Other storms developed near Richland County in Wisconsin around 1400 UTC. A strong satellite vertical growth signal could not be computed for these storms because of thick cirrus overhead from decaying convection to the north. ProbSevere nevertheless had high probabilities (due to a favorable environment and large MESH) prior to these storms being warned. The eastern of the two storms showed a ProbSevere value exceeding 50% thirteen minutes before the first NWS warning; ProbSevere for the western storm exceeded 50% 26 minutes before the first NWS warning. Both storms dropped severe hail in Richland county (Storm Report) — 1.25″ diameter hail at 1443 UTC for the eastern storm (4 minutes after the NWS warning), 2.0″ diameter hail at 1442 UTC with the western storm (coincident with its first warning). A storm southeast of these two in Sauk county had a high probability of severe (> 70%) by 1442 UTC, also because of large MESH, good MUCAPE and effective shear, but it was never warned and never produced any severe reports (until it coalesced later with the other storms into a convective line)

southwest_WI_20140507

MRMS Radar returns and NOAA/CIMSS ProbSevere objects and NWS-issued Severe Thunderstorm Warning, times as indicated (Click to enlarge)

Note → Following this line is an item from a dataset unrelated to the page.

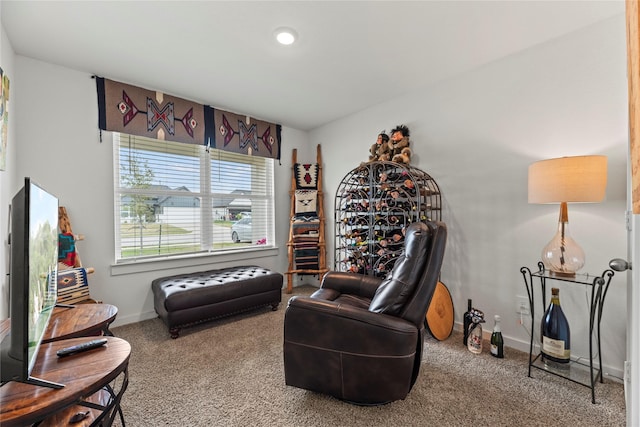 living area with baseboards and carpet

Lastly, a storm west of Milkwaukee quickly developed and was monitored by ProbSevere. By 1454 UTC, the storm’s probability of severe jumped from 7% to 24% (at the start of the animation) because its normalized vertical growth rate became very strong (see the visible and IR loops).

Milwaukee_20140507

MRMS Radar returns and NOAA/CIMSS ProbSevere objects and NWS-issued Severe Thunderstorm Warning, times as indicated (Click to enlarge)

AWIPS 10.7 µm imagery,below, shows the evolution of the storms as viewed from GOES-East. The first storm, over central WI at 1030 UTC, shows considerable electrical activity but overshooting tops are not detected. The storms over Richland/Sauk Counties around 1400 UTC, and near Milwaukee around 1500 UTC do show overshooting tops.

Reg_IR_Sat_20140507loop

MRMS Radar returns and NOAA/CIMSS ProbSevere objects and NWS-issued Severe Thunderstorm Warning, times as indicated (Click to enlarge)

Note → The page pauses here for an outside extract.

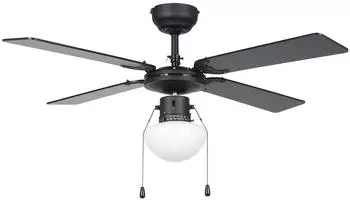 Eglo Fortaleza Deckenventilator mit Licht 4 Fl&uuml;gel E27 Schwarz Matt &Oslash;106,6cm (35122)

VIIRS and AVHRR both overflew these systems around 0730 UTC. The toggle of imagery below shows the great detail in the cloud-top that is available with 1-km resolution as from VIIRS and AVHRR. In addition, the Day/Night band can be used at night (especially when the lunar illumination is low, as was the case on 7 May) to detect lightning, characterized as streaks of white in the Day/Night band imagery. One such streak is visible near Manitowoc, WI.

POES_VIIRS_GOES_20140507_0745

POES AVHRR 10.7 µm imagery at 0736 UTC, Suomi/NPP VIIRS imagery (11.0 µm and Day/Night Band) at 0746 UTC, and GOES-East 10.7 µm imagery at 0745 UTC (Click to enlarge)

The NOAA/CIMSS ProbSevere product is being evaluated at the Hazardous Weather Testbed. Additional examples can be found at the HWT Blog.